The official decree came down that the weekend had changed.
The business community was very excited by this because they had not been able to not align their interests with the rest of the world. This meant that they were having a hard time competing against the rest of the world, especially since the mandated weekend severely reduced their competitive hours across several continents.
The weekend here in Saudi Arabia had been designated as Thursday-Friday [with Friday being the religious day, the same as our Sunday in the U.S.]. The new weekend is now Friday-Saturday
Since this was introduced mid-week, and we all got a three (3) day weekend to make the adjustment. In crafting the announcement of this for our workforce, I framed my message with extra time for family, rest and relaxation, and most of all, how everyone should their enjoy extra day off and go do something fun. I built a memo around this announcement that spelled out the new law, why it was being changed, and more importantly, what it meant to them.

A week or so later, I was stopped as I walked across our campus by one of our employees who mentioned that they look forward to all our HR memos and company announcements now. When I asked why, he said that in the past, all the employees got was a management line or two and that was it. No fluff, just the facts. As a result, nobody paid any attention after a while.

Communication is the first step in engagement
Internal communication is a valuable tool within organizations. Do your employee’s eyes roll when there is an announcement from HR?
More importantly, is the announcement read and understood? In a lot of offices, no thought is given to the effects of these documents. I have seen this duty passed off to entry level employees or someone that “writes well.”
It is the dialogue that is paramount in communications. Yes, it is a simple as that.
Internal communications can’t be a monologue, and unfortunately, that is how all-too-many HR announcements are perceived. They kind of get reduced to “just the facts, ma’am” and nothing more, when they should be a conversation between the organization and the employees.
One of my frameworks in writing any internal document is to think from the employee’s perspective about “why is this important to me?” From that starting point, the communication takes on an entirely different direction.
The best way to communicate with your workforce
The so called top-down form of communication that we are used to where it all comes down from “on high” is a one way process. The most effective model is peer-to-peer, which is what happens when it comes from the vantage point of having a conversation. It also offers the organization an opportunity to use it as a touch point to sell the organization/employee dynamic.
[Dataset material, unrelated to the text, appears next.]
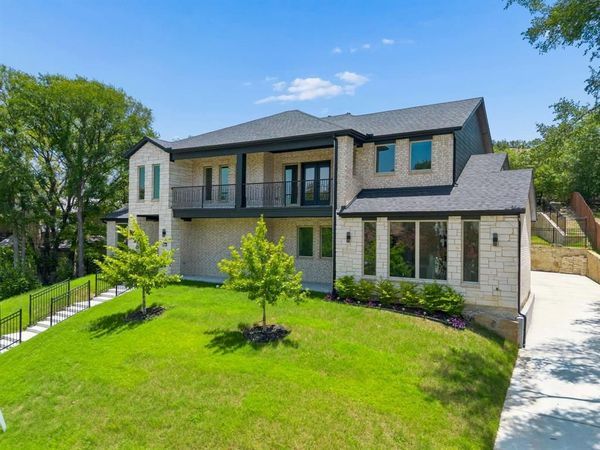 9008 Crosswind Drive, Fort Worth, TX 76179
I remember reading a study a while back that summarized that “effectively communicating with employees” is a useful and powerful tool towards greater engagement. The connecting point was that if you did this, the employee would want to come to work and contribute to the success of the company.
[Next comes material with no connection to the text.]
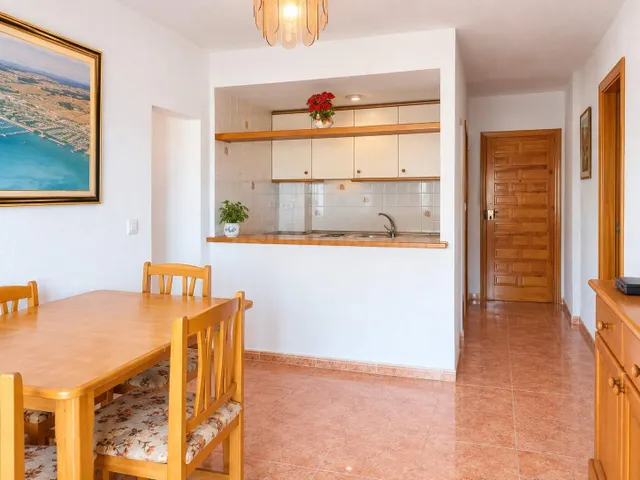 PISO EN VENTA EN PRIMERA LÍNEA DE PLAYA – BELLREGUARD - foto 2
In this environment, with the thawing of the job market, smart employers realize that employees are free to move to another job with increasing ease. With that in mind, it is in an organization’s best interest to use every opportunity as a way to create this dual conversation to inform and influence with the aim of engaging at every opportunity.
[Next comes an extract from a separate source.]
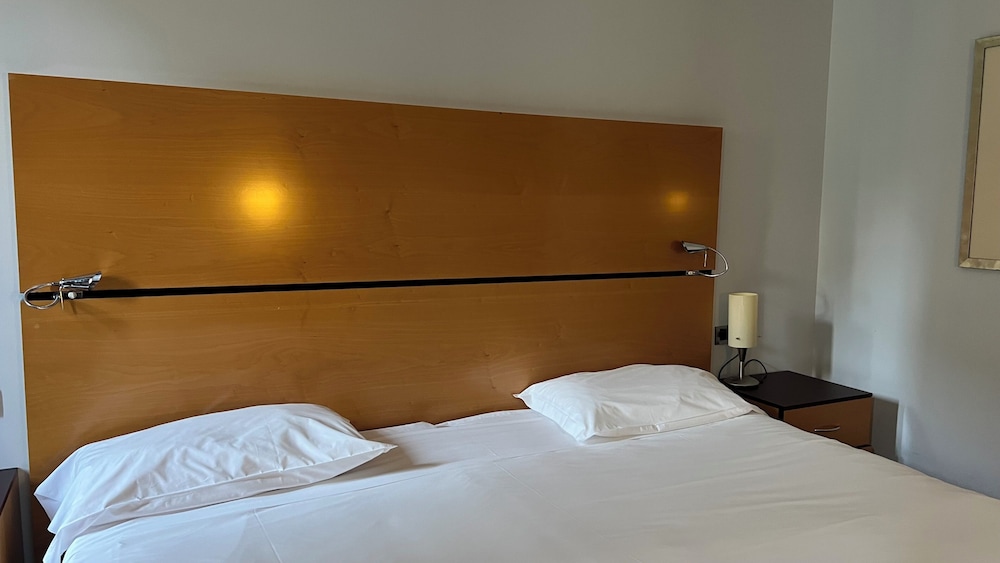 Hotel Igea — Hotel rooms in Brescia, Lombardy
If your PR person had to send a market announcement, they would not just sit down and knock it out. They know the intended audience and they would write to the audience. To be effective in HR, I have always worked from “why should they care?”
The elements of an effective message
Internal communications should take into consideration certain elements to assure that their messages have a very good change of not only being noticed, but actually achieve their communication goal:
  • Speak in the language of the recipient. Are you speaking French to an American audience? If you do not take your audience into consideration that is exactly what you are doing — talking in a language that is incomprehensible to your audience
  • Take it one at a time. Choose one topic and do not muddle the message, using a laser focus on that one topic
  • Approach with a one-to-one ratio. Does it feel like a personal conversation that you are having? Think of a peer-to-peer approach as opposed to a top-down dictate.
  • What is the desired outcome? Make sure you have a desired outcome that is specific and measurable.
  • Hit it while it is hot. You can’t wait. Do not put it off until next week if it has been announced through other channels or has been picked up by  your company “grapevine.” Remember, the new water cooler is social media.
  • And? Why should they care? Did you make the connection?
You may have other steps within your framework, but internal communication is a tool that is often overlooked in our tool kit. When the opportunity presents itself, just dust off the writing skills and make the connection.
You will know you connected when that employee walks up to you and says, “thanks, I enjoyed your email.